By reducing the right of localities to make their own decisions, Texas has joined dozens of other states that have asserted their dominance over cities in recent years through a practice known as state pre-emption. One watchdog group has counted more than 650 pre-emption bills in state legislatures this year; the large majority have been introduced by Republican lawmakers to curb policymaking in cities run by Democrats.

It’s not a new phenomenon — city halls and state capitols have always jockeyed for authority, and in a legal showdown, the state usually wins, as the more supreme power. But conservatives used to champion ideas like local autonomy, devolution and even block grants as a way of weakening centralized control. The 20th-century movement toward “home rule,” letting localities handle most of their own affairs, was once supported by both Republicans and Democrats. What’s now become clear is that Republicans dislike local control if they are not in charge of it. The home rule movement has steadily faded in the last few decades as state lawmakers on the right have become more aggressive in invalidating the priorities of elected officials in cities, which have moved leftward in their voting patterns in recent years.

“We are seeing a real increase in the pre-emption of local authority,” said Clarence Anthony, chief executive of the National League of Cities, and former mayor of South Bay, Fla. “Local officials are elected by citizens to represent them, and they’re the ones who know what their citizens need the most. But we’ve been seeing state legislators trying to have control over local communities, and that’s not good governance at all.”

Many of the recent bills are particularly brazen in their disdain for local decision-making. The Florida Legislature passed a bill in early May allowing businesses to challenge municipal ordinances in court simply for being “unreasonable.” If they win, the businesses can collect $50,000 in attorney fees from the taxpayers if the ordinance is not withdrawn, but cities can’t collect attorney fees if they win. In Tennessee, Republicans were angry that leaders in Nashville blocked a bid to host the 2024 G.O.P. convention, so they passed a bill to shrink the size of the Nashville Metro Council and upend its voting district maps, which many residents say will dilute the political strength of minority groups. A local court put that law on hold for now, but the final outcome has not been determined.

Most of these legislative power plays follow the ideological patterns of the hard-right MAGA core within the Republican Party, which is often more visible at the state than the national level. The efforts tend to fall into the following categories:

Democracy and voting.
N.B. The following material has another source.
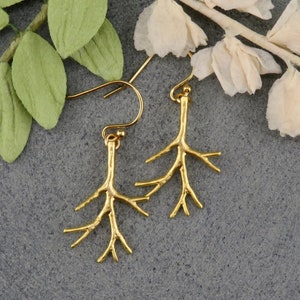 Gold Branch Earrings | Lightweight Gold Earrings | Gold Tree Branch Earrings | Hanging Branch Earrings | Gold Twig Earrings | Tree Branch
Several states are trying to make it harder for citizens to enact laws or constitutional changes through the referendum process, after abortion-rights supporters won several ballot initiatives in 2022. In Ohio, Republican lawmakers put a measure on the August ballot that would raise the threshold for passing a constitutional amendment to 60 percent from a simple majority, where it has been since 1912, hoping to head off organized efforts to permit abortion in the state, as well as to raise the minimum wage and undo Republican gerrymandering. (They put the measure on a low-turnout election day, rather than the better-known day in November.) Arkansas now requires signatures from 50 counties (of 75) to get an initiative on the ballot, up from 15. Anyone can propose a ballot initiative, regardless of their ideology — recent measures in Kansas and Kentucky, for example, were proposed by anti-abortion groups. (Both were ultimately rejected by voters.) Restricting these ballot measures is fundamentally about depriving voters of a way to put a check on legislators, regardless of ideology.